The researchers noted that there are broad geographic patterns in the distribution of languages, notably latitudinal gradients in which diversity increases towards the equator, and languages in the tropics tend to be restricted to smaller areas than languages at higher latitudes. The hypothesis that landscape features (such as mountains and rivers) stimulate diversity by limiting human movement and dividing populations into smaller speaker groups, thus making more language diversity, was disproved, along with any direct link between biological diversity and language diversity. With that said, a general map of the locations of higher linguistic diversity does correlate with general maps of biodiversity.

The researchers tested six climatic variables for associations with language diversity: mean annual temperature, mean annual precipitation, temperature seasonality, precipitation seasonality, net primary productivity, and mean annual growing season. Among these climatic variables, precipitation seasonality and temperature seasonality has the strongest associations with language diversity.

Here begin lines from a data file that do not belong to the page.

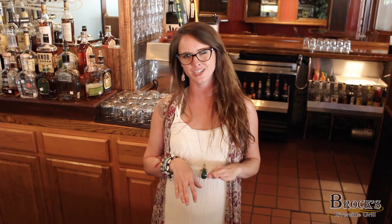Hi guys, Carmen here at Brock's. Nice to see you again. Check it out, we're doing our very last week of the Virginia Craft Beer Month Tap Takeovers. So it's a great week to come in and try all these Virginia drafts you've been hearing about.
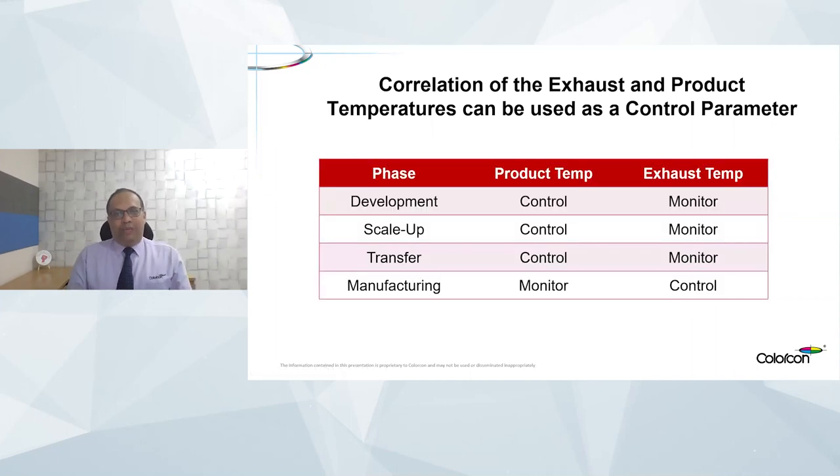A key deliberation is whether to consider exhaust temperature or product temperature during process optimization. At ColorCon, since product temperature is relatively constant from one scale to another — from lab scale to commercial scale throughout development and technology transfer — it is advisable to consider product temperature and monitor bed exhaust temperature. The exhaust temperature can depend on the pan load and different machine designs, but product temperature is ultimately the output we want to achieve to control the coating process.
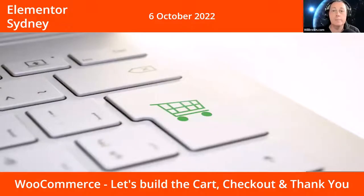I'm going to hand over to Morris and he'll do the presentation. If you have any questions, pop them in the chat or wait until the end — we'll do a live Q&A. It's October 6th, Elementor Sydney, and we're talking about WooCommerce tonight. You can pretty much skin most of WooCommerce now directly from Elementor, which is nice. Morris is going to show the cart, the checkout, and the thank you page specifically.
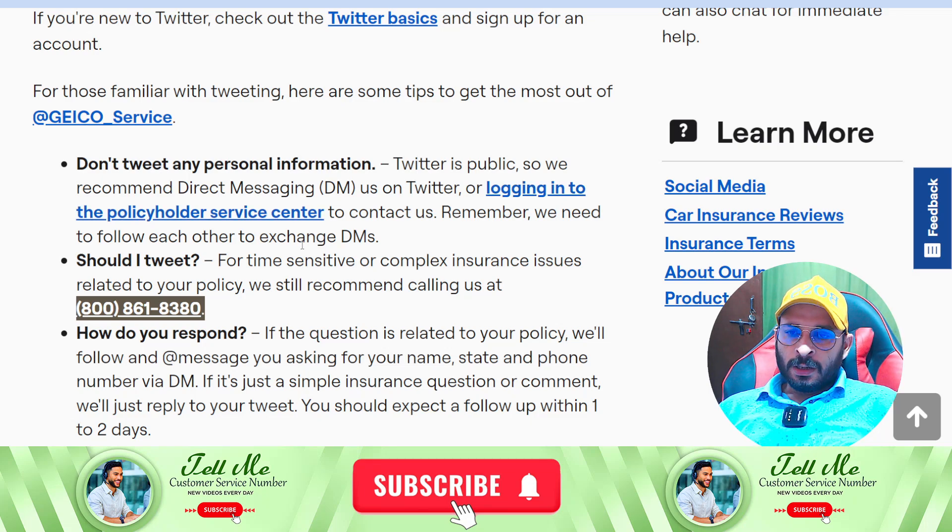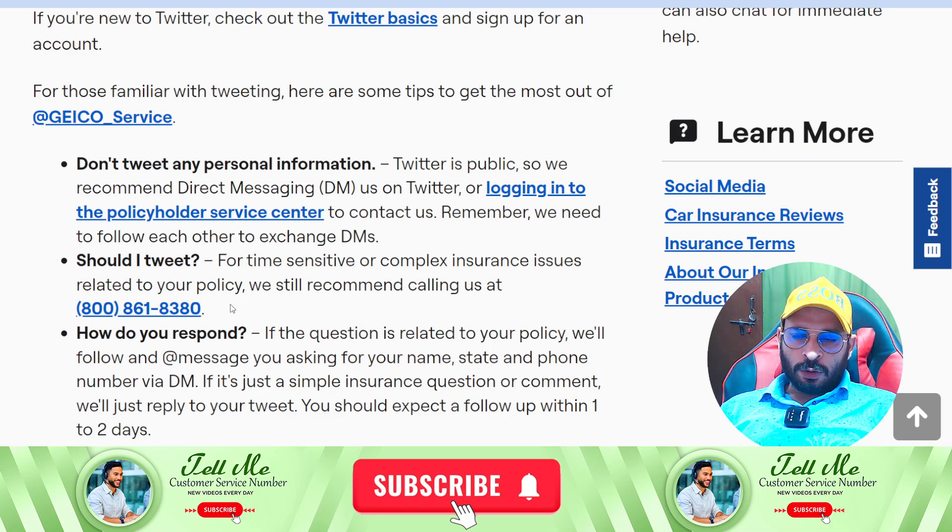They will resolve your problem or transfer your call according to your need. So this is the only way by which you can contact the customer support team. Hope you're getting my points — if yes, please hit the like button. Thanks for watching. If you have any other queries, make a comment and I will reply very soon. Thanks for watching, bye.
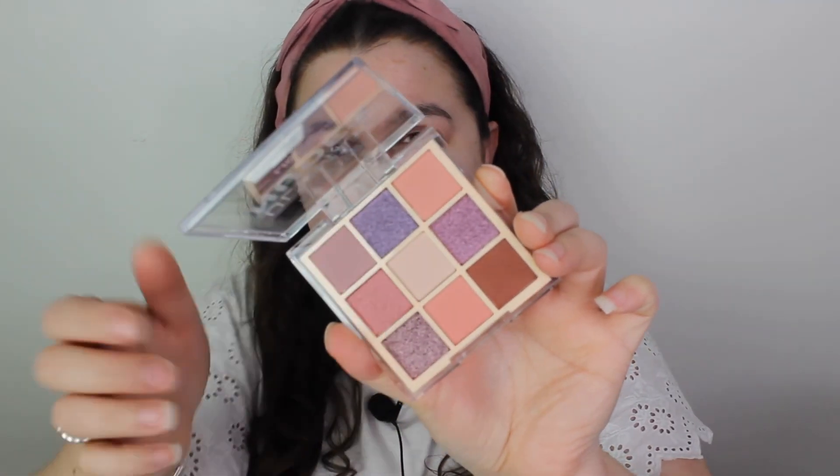Hello lovelies, welcome back to my channel. We are doing Rev week, so today we are going to be testing the Ultimate Nudes Palette. I'm going to only test one of them, but I can give you close-ups of each. This is what the outside packaging looks like, and then when you open it up, these are the colors you get.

Climate and geography are not the only factors that shape diversity, however. For example, regions of higher than expected language diversity may have had a longer period of language diversification, or have undergone a higher rate of diversification, leading to a greater accumulation of languages in these regions than in other regions of similar climate.

The overall picture supported by the analysis is that environmental factors are a significant determinant of global variation in the diversity of human languages, as they are for global variation in biodiversity. Associations between global patterns of language diversity and climate are consistent with the ecological risk hypothesis, that stable productive climates allow human cultures to persist in smaller, more localized groups.